Ephemera 42 Speakers
JARED ARP
Promoting Herman Miller Furniture
Jared Arp teaches Environmental Product Design at the University of Colorado. In addition to his product design and business experience, he is also a museum exhibition designer, including galleries for the San Diego Museum of Art, Detroit Institute of Art, Missouri History Museum, Monticello, and the Liberation War Museum in Dhaka, Bangladesh.
MIN JOO BAEK
Innovating traditional market spaces in Shanghai
Program Director of Interior Design, Donghua University, Shanghai China, MinJoo Baek is an architectural designer and multidisciplinary educator who has shaped her professional activities in design around the critical inquiry of environment and sustainability.

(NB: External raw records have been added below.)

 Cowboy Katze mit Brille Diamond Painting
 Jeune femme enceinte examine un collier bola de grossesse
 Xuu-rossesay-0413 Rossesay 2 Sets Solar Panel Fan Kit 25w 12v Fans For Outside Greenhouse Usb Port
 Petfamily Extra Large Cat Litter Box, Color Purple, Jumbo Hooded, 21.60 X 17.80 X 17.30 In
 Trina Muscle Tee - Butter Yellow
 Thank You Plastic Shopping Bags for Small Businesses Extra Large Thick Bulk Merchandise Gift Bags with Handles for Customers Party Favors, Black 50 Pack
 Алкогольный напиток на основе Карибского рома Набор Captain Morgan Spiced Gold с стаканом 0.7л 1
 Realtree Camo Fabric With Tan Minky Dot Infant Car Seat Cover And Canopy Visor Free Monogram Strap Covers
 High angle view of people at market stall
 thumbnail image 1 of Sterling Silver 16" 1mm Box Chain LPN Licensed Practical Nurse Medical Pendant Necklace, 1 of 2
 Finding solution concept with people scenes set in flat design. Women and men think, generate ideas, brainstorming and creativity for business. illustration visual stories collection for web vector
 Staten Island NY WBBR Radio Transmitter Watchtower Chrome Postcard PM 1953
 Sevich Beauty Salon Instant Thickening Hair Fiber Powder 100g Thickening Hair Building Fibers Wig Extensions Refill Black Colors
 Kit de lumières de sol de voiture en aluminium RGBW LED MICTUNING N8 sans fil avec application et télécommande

The current research area involves socio-ecological architecture and urbanism to create responsive space formation for cities, buildings, and objects.
JEFFREY COHEN
Streetviews: Walking the Ephemeral City on Paper
Jeffrey A. Cohen is an architectural historian who has taught in Bryn Mawr College’s Growth & Structure of Cities Department since 1995. Publications have included co-authored works on the Architectural Drawings of Benjamin Henry Latrobe (1994), Frank Furness: the Complete Works (1991, 1996), and Drawing toward Building (1986). More recent works have focused on forms of representation and evidence tracking the evolution of 18th- and 19th-century cities, more specifically through long urban street-views, fire insurance records, and architectural drawings.
MARI NAKAHARA
Unity of Creation: Designs by Winold Reiss
Curator of Architecture, Design, and Engineering at Library of Congress Prints & Photographs Division since 2015, Mari Nakahara’s research for her dissertation on McKim, Mead & White at architectural archives in the U.S. led her interest to become an architectural archivist. Her experience working at archives, not limited to architecture, includes New York Public Library, the Skyscraper Museum, and the Octagon, the Museum of the American Architectural Foundation. Nakahara has also been active in the promotion of architectural documentation in Japan and contributed to the establishment of the first national architectural archive there.
JEANNINE OPPEWALL
Creating Spaces in the Movies
Jeannine Oppewall, a native of Massachusetts, worked for eight years in the Office of Charles and Ray Eames, where she learned design at the feet of a master of both furniture and film. She joined the film business working for production designer Paul Sylbert; the first film she designed was Tender Mercies. She has received Academy Award nominations for L.A. Confidential, Pleasantville, Seabiscuit and most recently, The Good Shepherd. Jeannine has designed over 40 feature films, and was one of the first women admitted to the Art Directors Guild.
JENNIFER SOPKO
Creating Amusement Parks in Western Pennsylvania
Jennifer Sopko is a Pittsburgh native who writes for several regional publications, including the Latrobe Bulletin, the Ligonier Echo, and Westmoreland History magazine that she also edits. She is the author of Ligonier Valley Vignettes: Tales from the Laurel Highlands (2013), and Idlewild: History and Memories of Pennsylvania’s Oldest Amusement Park (2018). Her next book will cover lost amusement parks across Western Pennsylvania.
CARRIE TAYLOR
Lippitt House: Using Ephemera to Preserve a Victorian Home
Carrie Taylor joined Preserve Rhode Island as the first director of Providence’s Lippitt House Museum in 2013, After having been Collections Manager at Monticello, Thomas Jefferson’s plantation in Virginia. Her article “The Lippitts of Rhode Island: Anti-suffrage and Female Political Activism” was recently published in The Bridge: A Joint Edition of the Journals of Newport History & Rhode Island History.
CHRISTINE VON DER LINN
Staging the Scene: Theater Set Design
Christine von der Linn joined Swann Auction Galleries in 1993 in the rare book department. She currently serves as Director of Illustration Art, the department she created in 2012. Christine has written about, lectured, and moderated panel discussions on rare books and illustration, and is a member of ArtTable and the ABAA.
MEG WINSLOW
Shaping the Nation’s First Rural Cemetery
Meg L. Winslow is Curator of Historical Collections & Archives at Mount Auburn Cemetery, co-author with Melissa Banta of The Art of Commemoration and America’s First Rural Cemetery, Mount Auburn’s Significant Monument Collection, in its third printing. In 2020 Meg was awarded a National Endowment for the Humanities (NEH) (CARES) grant for a crowdsourced transcription project to help transcribe Mount Auburn’s nineteenth-century founding records.